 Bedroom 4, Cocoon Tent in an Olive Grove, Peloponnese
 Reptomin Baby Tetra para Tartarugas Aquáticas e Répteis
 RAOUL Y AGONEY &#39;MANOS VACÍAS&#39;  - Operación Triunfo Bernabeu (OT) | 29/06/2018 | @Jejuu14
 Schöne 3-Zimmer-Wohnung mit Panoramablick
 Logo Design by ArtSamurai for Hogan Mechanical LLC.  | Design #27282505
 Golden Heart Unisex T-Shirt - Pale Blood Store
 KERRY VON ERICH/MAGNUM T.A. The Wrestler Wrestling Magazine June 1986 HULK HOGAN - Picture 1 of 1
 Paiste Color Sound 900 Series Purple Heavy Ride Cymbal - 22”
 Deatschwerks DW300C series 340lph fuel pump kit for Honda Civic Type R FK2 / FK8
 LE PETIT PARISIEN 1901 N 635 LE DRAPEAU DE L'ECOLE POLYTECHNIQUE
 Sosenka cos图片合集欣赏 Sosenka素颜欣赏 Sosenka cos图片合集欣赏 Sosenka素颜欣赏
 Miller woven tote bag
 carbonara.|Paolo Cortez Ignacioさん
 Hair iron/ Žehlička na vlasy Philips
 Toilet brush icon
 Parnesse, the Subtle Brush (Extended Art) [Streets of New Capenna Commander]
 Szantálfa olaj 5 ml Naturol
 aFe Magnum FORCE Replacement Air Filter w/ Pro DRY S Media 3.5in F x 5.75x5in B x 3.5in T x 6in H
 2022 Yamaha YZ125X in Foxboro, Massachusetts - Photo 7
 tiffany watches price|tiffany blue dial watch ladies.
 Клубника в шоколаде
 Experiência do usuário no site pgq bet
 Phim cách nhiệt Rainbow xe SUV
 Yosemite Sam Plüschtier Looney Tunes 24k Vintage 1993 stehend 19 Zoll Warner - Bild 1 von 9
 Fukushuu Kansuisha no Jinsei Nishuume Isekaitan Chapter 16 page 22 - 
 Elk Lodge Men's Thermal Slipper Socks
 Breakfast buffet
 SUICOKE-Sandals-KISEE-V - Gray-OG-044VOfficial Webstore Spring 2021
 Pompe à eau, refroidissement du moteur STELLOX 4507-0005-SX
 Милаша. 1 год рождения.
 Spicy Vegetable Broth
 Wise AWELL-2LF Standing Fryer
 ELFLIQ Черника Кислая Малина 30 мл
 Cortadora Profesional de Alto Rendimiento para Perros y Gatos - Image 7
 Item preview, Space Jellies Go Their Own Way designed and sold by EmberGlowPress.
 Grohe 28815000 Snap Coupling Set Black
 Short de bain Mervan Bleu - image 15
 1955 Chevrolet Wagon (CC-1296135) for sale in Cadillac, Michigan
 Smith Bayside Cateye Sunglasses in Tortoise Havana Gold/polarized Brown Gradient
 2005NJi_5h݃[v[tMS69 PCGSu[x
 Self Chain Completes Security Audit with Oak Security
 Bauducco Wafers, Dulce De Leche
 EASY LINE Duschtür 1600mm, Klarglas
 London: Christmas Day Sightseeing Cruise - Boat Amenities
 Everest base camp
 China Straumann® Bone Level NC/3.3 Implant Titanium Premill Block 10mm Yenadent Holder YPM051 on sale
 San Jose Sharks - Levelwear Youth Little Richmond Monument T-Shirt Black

::::

Problem details »
Copy whichever lines of the records above contain the word "Shirt".

Exercise answer »
 Golden Heart Unisex T-Shirt - Pale Blood Store
 San Jose Sharks - Levelwear Youth Little Richmond Monument T-Shirt Black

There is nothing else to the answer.